TASK DESCRIPTION.
Beginning with the line that contains "11 Harradine Crescent, Bligh Park NSW 2756" and ending with the line that contains "renting-peugeot-rifter-6-1-3.webp", reproduce the lines of the entries below exactly, omitting pictures.

RECORDS.

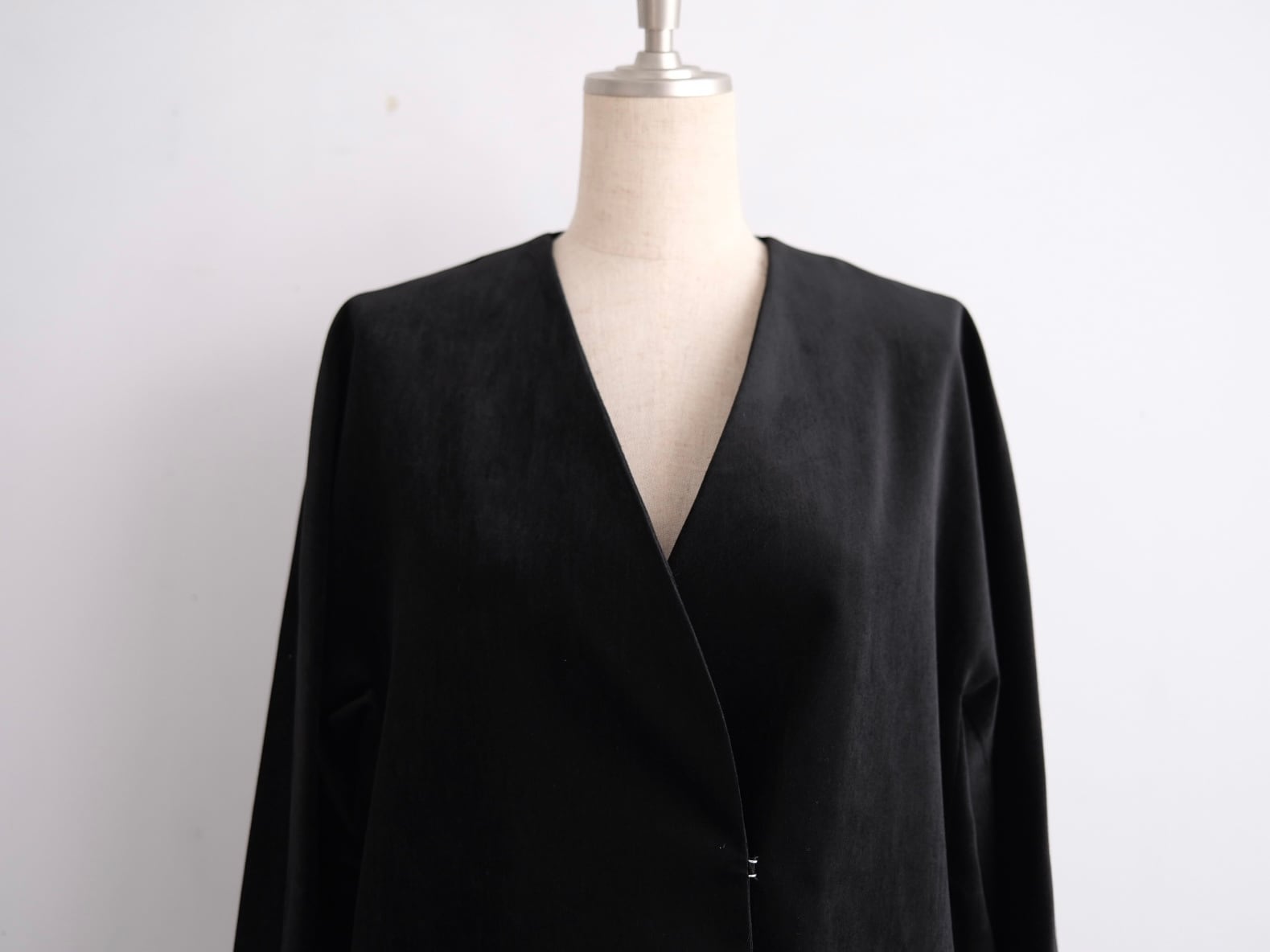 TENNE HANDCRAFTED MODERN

---

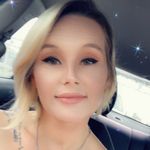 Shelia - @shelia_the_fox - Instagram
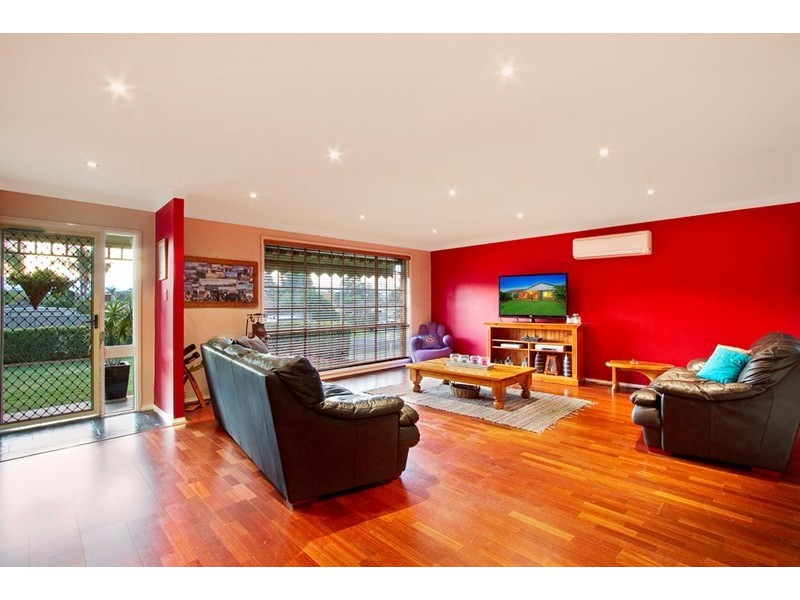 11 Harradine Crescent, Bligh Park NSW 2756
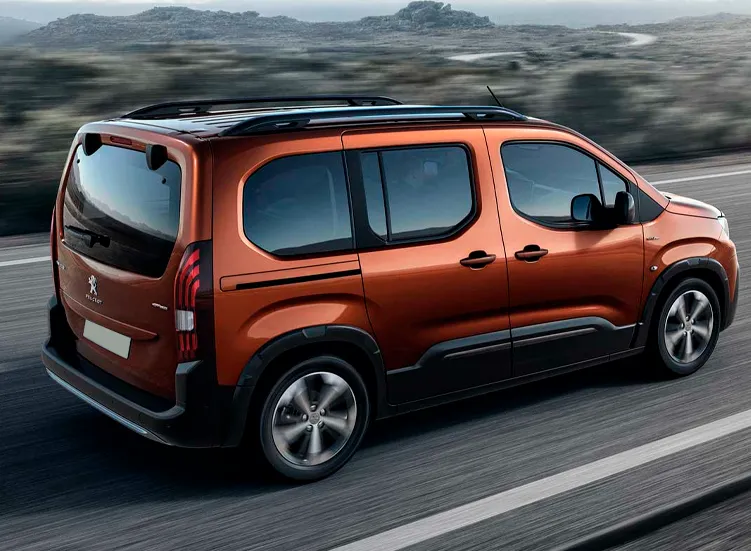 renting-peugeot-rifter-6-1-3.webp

TASK RESPONSE.
 11 Harradine Crescent, Bligh Park NSW 2756
 renting-peugeot-rifter-6-1-3.webp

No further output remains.